Professors, have empathy for your students right now. Adjust your expectations, and make accommodations wherever necessary. Many of us need time to process, and school is the last thing on our minds. Marginalized students are feeling this particularly deeply — hold space for them while they focus on issues beyond their classes. 
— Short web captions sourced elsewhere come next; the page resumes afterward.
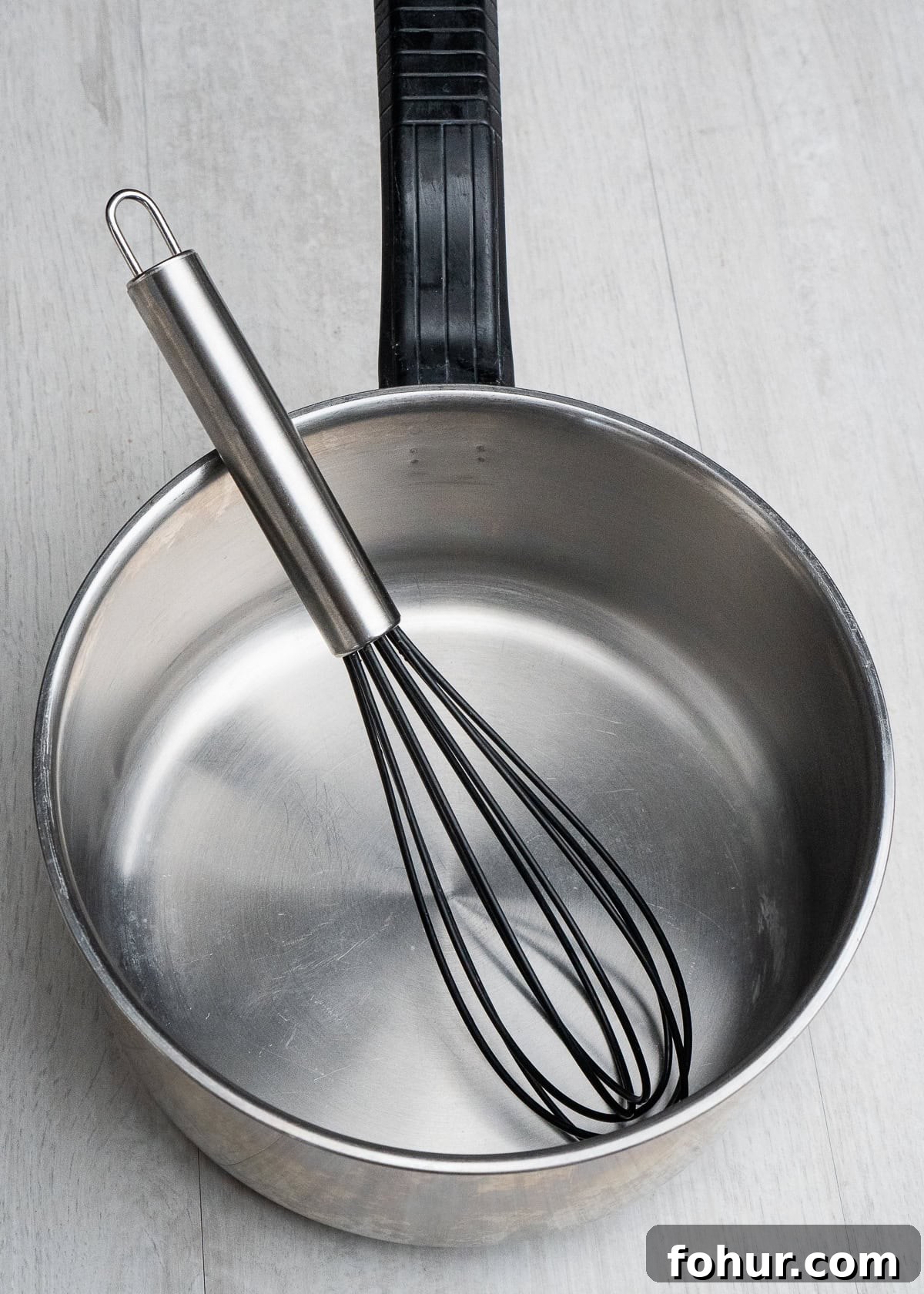 How to Make Salted Caramel Sauce 5 Saucepan with a whisk inside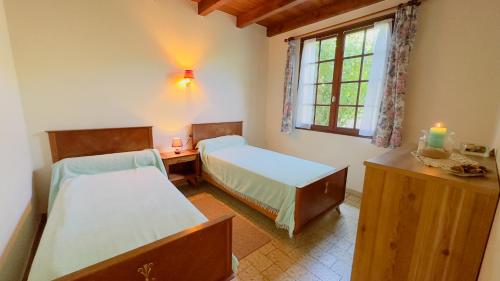 een slaapkamer met 2 bedden en een raam met een kaars bij location proche des plages in Sainte-Marie-de-Ré
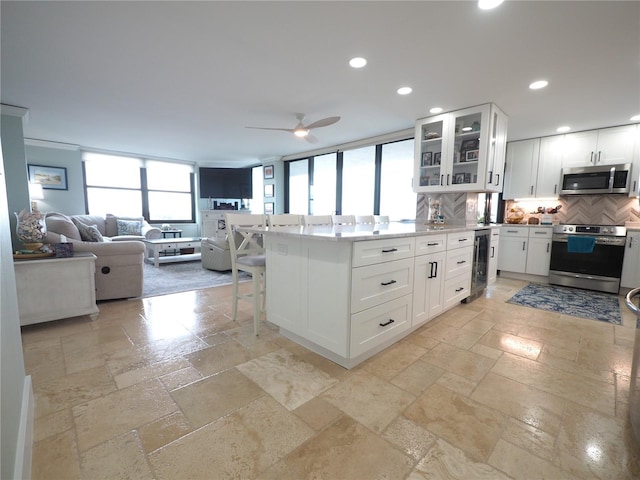 kitchen with wine cooler, stone tile floors, stainless steel appliances, recessed lighting, and open floor plan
The coming days and weeks will be hard for many of us. There’s a lot that’s out of our control — but the one thing we can do is be gentle and kind, with ourselves and with others. Here are some tips:

  • Set social media boundaries if you need to. Close Twitter and take a deep breath, then come back when you feel ready.  
  • Lean on your support system. Community is crucial right now. 
  • Focus on the basics: sleep, food, water. 
  • Find a distraction. Whether it’s a good book, your favorite Netflix show or a cathartic Spotify playlist, do your best to keep your mind occupied. 
  • Think of the positives in state and local races. Record voter turnout in North Carolina. Four more years of a Democratic governor, whose leadership is critical amid the COVID-19 pandemic. 

Please, stay safe. This election isn’t over, and as the final votes are tallied, be wary of heightened tensions and the potential for violence. If you attend a protest, take the necessary precautions, and please, don't go alone. Your Black and brown friends may be scared to go out in public this week — offer to drop off food or groceries if they need them. 

No matter what happens, we cannot grow complacent. Stay vigilant, and continue to uplift the voices of those organizing and doing critical activist work. Support them in whatever way you can.